3.3. Survival Analysis

Mean follow-up time was 3.9 ± 1.9 yrs. During the follow-up period, 31 IPF patients died and 47 were re-hospitalized due to: 1) CV causes (21.3%): acute ischemic stroke/transient ischemic attack (6 patients) and acute coronary syndrome (4 patients); 2) cardiopulmonary causes (42.5%): right heart failure (12 patients) and acute pulmonary embolism (8 patients); 3) pulmonary causes (36.2%): acute respiratory failure secondary to IPF progression (7 patients), pneumonia (7 patients), pneumomediastinum (2 patients), and pneumothorax (1 patient). No case of acute aortic syndrome was recorded. The deaths recorded in IPF patients occurred within 4 yrs after hospital discharge in the great majority of cases.

Univariate and multivariate Cox regression analyses performed for identifying the independent predictors of the composite of “all-cause mortality or re-hospitalizaton for all causes” occurring during the follow-up period in IPF patients are reported in Table 3.

CRP (HR 1.09, 95% CI 1.01-1.18, p = 0.03), FVC% (HR 0.98, 95% CI 0.97-0.99, p = 0.02), TAPSE/sPAP ratio (HR 0.23, 95% CI 0.07-0.76, p = 0.02) and AA indexed to height (HR 1.15, 95% CI 1.06-1.25, p < 0.001) were independently associated with the primary endpoint. ROC curve analysis revealed that a CRP >0.37 mg/dl (72% sensitivity, 41% specificity, AUC = 0.54), a FVC <73.5% (50% sensitivity, 37% specificity, AUC = 0.38), a TAPSE/sPAP ratio <0.65 mm/mmHg (73% sensitivity, 63% specificity, AUC = 0.73) and an AA diameter indexed to height >20 mm/m (100% sensitivity, 63% specificity, AUC = 0.78) showed the greatest sensitivity and specificity for predicting the composite endpoint in the whole study population.
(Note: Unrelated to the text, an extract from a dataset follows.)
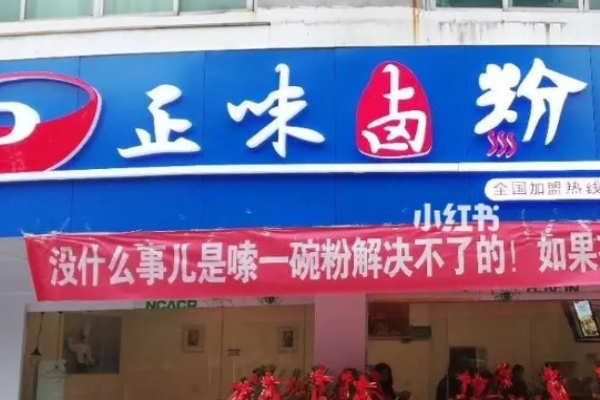 正味鹵粉加盟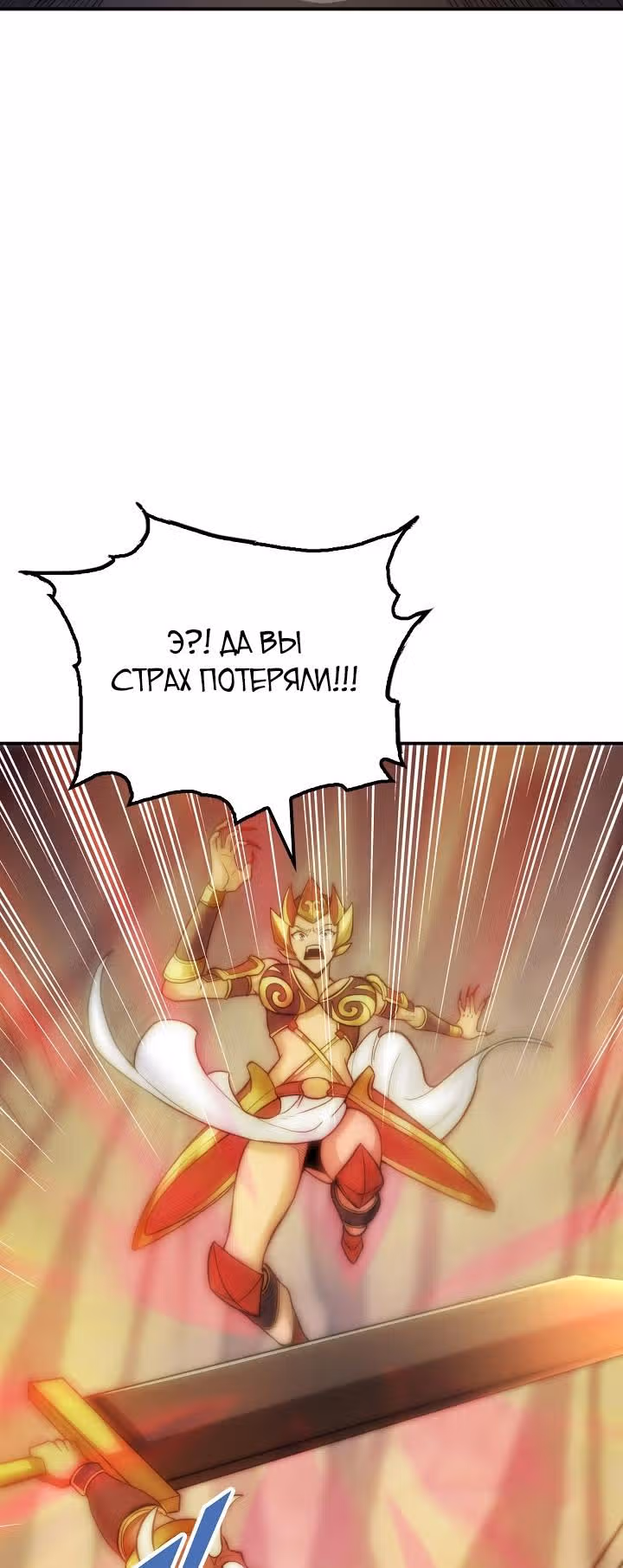 Книга реинкарнации Сусон: Возвращение Всевышнего — Том 1 · Глава 14, страница 2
Prognostic ROC curves and Kaplan-Meier survival curves drawn to compare the rates of the composite of “all-cause mortality or re-hospitalizaton for all causes” over the follow-up period in IPF patients, categorized according to an AA diameter indexed to height ≤20 mm/m and >20 mm/m, are depicted in Figure 1, Panels A and B, respectively.

On multivariate logistic regression analysis performed for detecting the variables independently associated with an AA indexed to height >20 mm/m in the entire cohort of IPF patients, only CRP (OR 1.87; 95% CI 1.21-2.89, p =0.005) and LVMi (OR1.13, 95% CI 1.04-1.24, p = 0.006) maintained statistical significance (Table 4).

A CRP >0.4 mg/dl (79% sensitivity, 99% specificity, AUC = 0.93) and a LVMi >90 g/m² (72% sensitivity, 99% specificity, AUC = 0.83) were the best cut-off values for predicting the secondary endpoint.

3.4. Measurement Variability

Intra- and inter-observer agreement between the raters in the echocardiographic assessment of the AA diameter, expressed as ICCs, was 0.91 (95% CI 0.76-0.97) and 0.84 (95% CI 0.58-0.94), respectively. The Bland-Altman analysis revealed a bias of +2.51 mm (with the 95% limits of agreement ranging –3.62 to 8.65 mm) for AA estimation, suggesting a general overestimation of the AA diameter by TTE in comparison to non-ECG gated HRCT (Figure 2).

4. Discussion

4.1. Main Findings of the Study

The present study conducted on a retrospective series of IPF patients without advanced lung disease demonstrated that: 1) compared to matched controls, IPF patients had significantly larger unindexed aortic root and AA diameters and significantly larger aortic root and AA diameters indexed to height; 2) the AA dilatation was independently associated with the occurrence of the composite of “all-cause mortality or re-hospitalizaton for all causes” over a mid-term follow-up; 3) the AA diameter indexed to height showed an incremental prognostic value over both the unindexed AA diameter and the AA diameter indexed to BSA; 4) serum levels of CRP and LVMi were independently correlated with the AA dilatation in IPF patients; 5) TTE examination was associated with systematic overestimation of AA diameters in comparison to the measurements derived from non-ECG gated HRCT.

In our findings, an AA diameter indexed to height >20 mm/m at basal evaluation was the best cut-off value for distinguishing between IPF patients with an increased probability of “all-cause mortality or re-hospitalizaton for all causes” from those with an increased probability of event-free survival, over the follow-up period. Serum CRP levels, FVC% and the TTE-derived TAPSE/sPAP ratio were other independent prognostic indicators of an increased risk of mortality and adverse clinical events in IPF patients.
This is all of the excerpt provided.